I did proper gauge swatching in both the lace pattern and stockinette – coming up with 3½ stitches per inch for the latter and “3 1/2 pattern repeats” at 2 stitches per pattern repeat for 2 inches (which I even entered into my notes as “7 sts/2 inches”) for the former. Since I know that lace often works up to a different gauge than stockinette – and since I was using US 9 needles for the lace and US 10s for the stockinette – I anticipated having to change stitch count when I switched patterns.
You would have thought that I would have noticed that 3 ½ sts per inch is darned close to 7 sts per 2 inches. Yeah. Minor Oops. The point is that I had a “change the stitch number when changing patterns” mindset. So, I was all set for the Real Oops.

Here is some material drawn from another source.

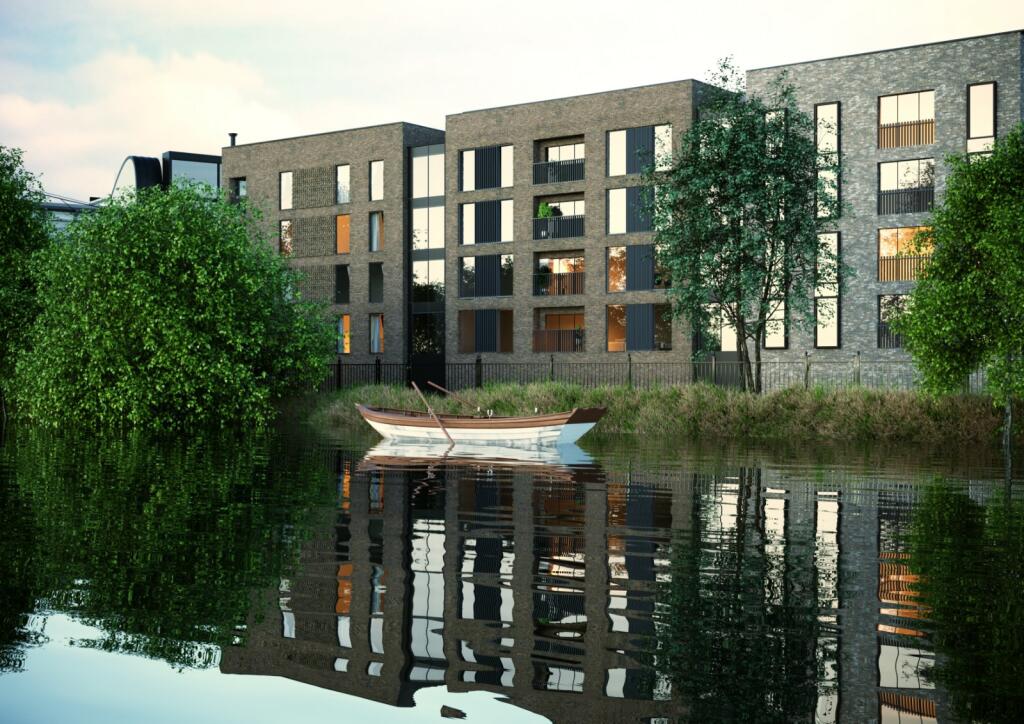 Main image of property: The Wharf, 27 Wharf Road, Altrincham, Cheshire, WA14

I worked out my cast on stitch count for the front of the sweater (with a little rounding): 80 sts. Knit, knit, knit the lace. Lovely. Then, I worked out the stitch count for the stockinette part for the entire circumference of the sweater and came up (with a little rounding) with 159 sts. Well, lace is a lot more expansive than stockinette, I reasoned. And figured I needed to add 78 sts (wanted to keep an even number). Gee, that would mean adding a stitch after every stitch. Hey, how about doing simple yarn overs – a nice transition from the lace! Brilliant! And so I did. And I happily put in my garter ridge on my 158 stitches and I admired my pretty “yarn over” transition. And I knit about 6 more rows so I could take some photos and post them on my blog. Happy, happy.
Until I decided to check the gauge on the stockinette – and it seemed more like nearly 4 sts per inch. Argh! I checked it several places. Yep, somewhere about 3 ¾ sts per inch. So, I held the sweater up to myself to see if it seemed too small. Well, no, not really. In fact, it seemed generous. Hmmm. By then it was late at night, so I decided to ask Sarah to take a look at it the next day.

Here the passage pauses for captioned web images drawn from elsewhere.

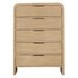 Handforth Natural Panel Bedroom Set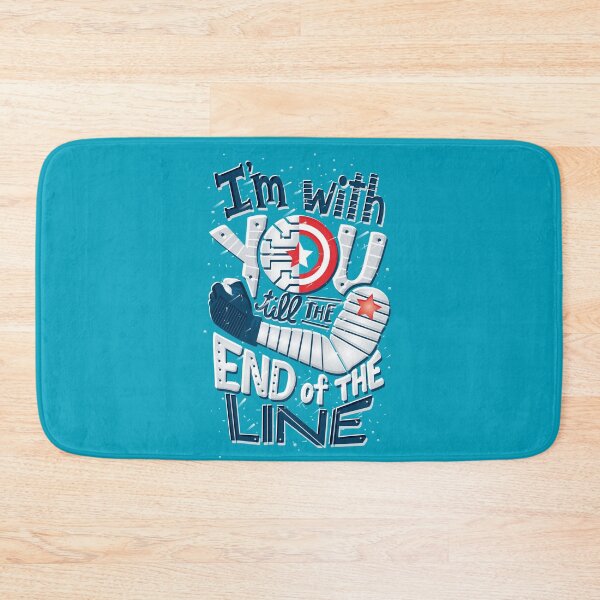 Item preview, Till the end of the line designed and sold by Risa Rodil.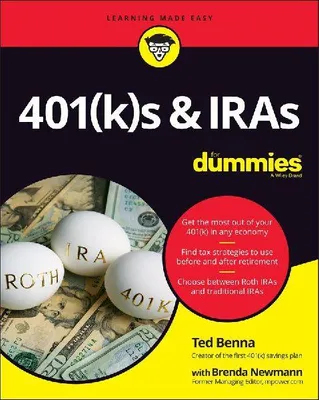 Produktbild von 401(k)s & IRAs For Dummies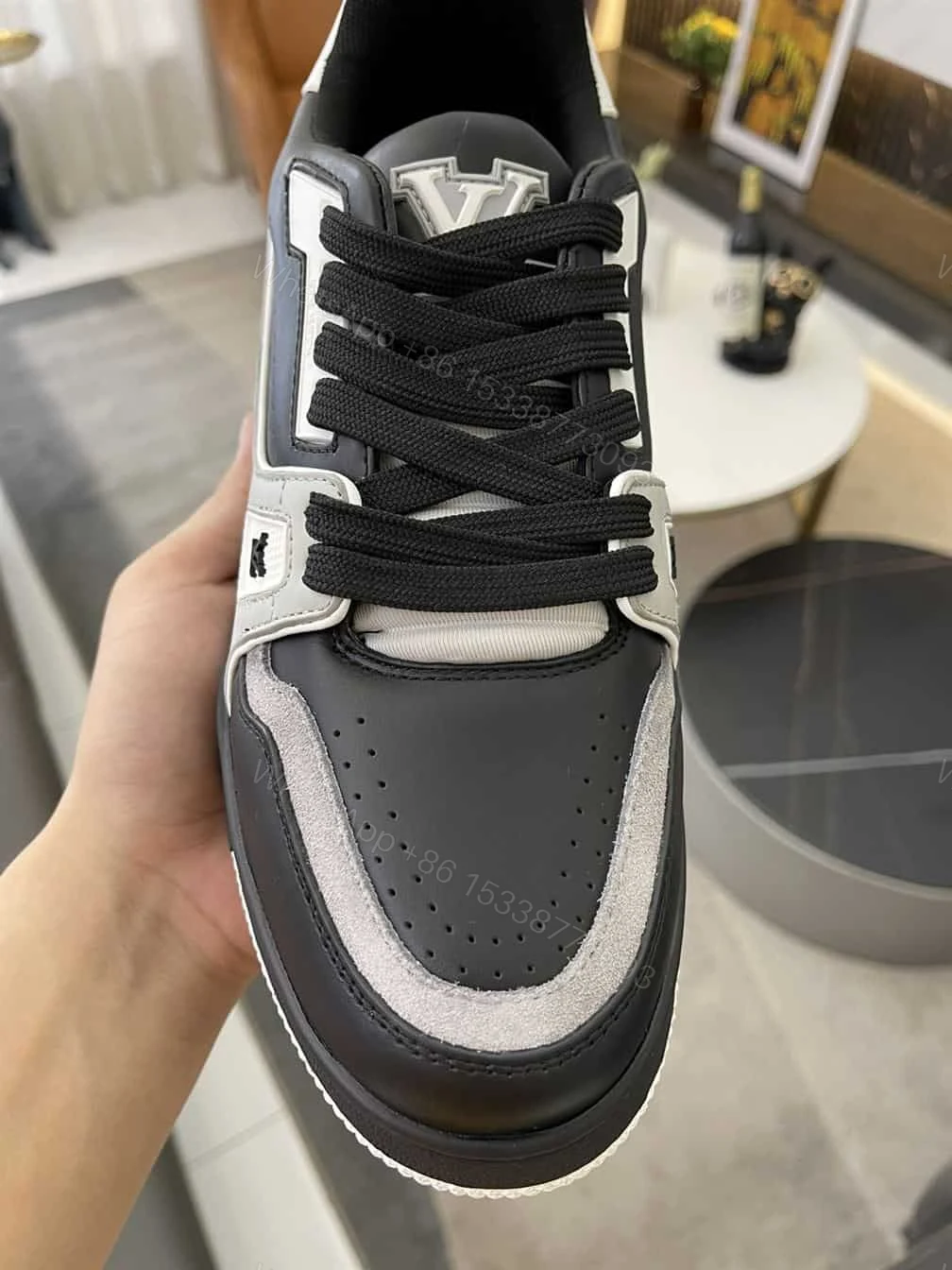View 2 of LOUIS VUITTON TRAINER SNEAKER – LSVT311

Her first remark was: Mom, your sweater is enormous! It is all rippley!
I explained that I had had to double the number of stitches when I changed from lace to stockinette. And we both measured the gauge again and again and concurred that 3 ¾ was more accurate than 3 ½. The mystery was that the sweater which should have been smallish was, in fact, biggish.
It was at this point that the Oops revealed itself. Perhaps you caught it back in that big paragraph about stitch count? Where I said I “worked out the stitch count for the stockinette part of the entire circumference of the sweater”? And then applied that number (159 rounded to 158) to the front? And since the gauges for the lace and the stockinette were identical and there was no need to add any stitches at all what I had done was double the size of the sweater front! No wonder it was enormous and rippley!!
Nothing to do but rip it back to the lace and begin the blue portion all over – though I did adjust for the more accurate gauge (which I trusted as it had been worked on a 158 stitch gauge swatch over 8 or nine rows!). So, I added 6 stitches (knitting front & back – no yarn overs this time) and knit the garter ridge and proceeded on to the stockinette.
And, hey, the rows go by so quickly now!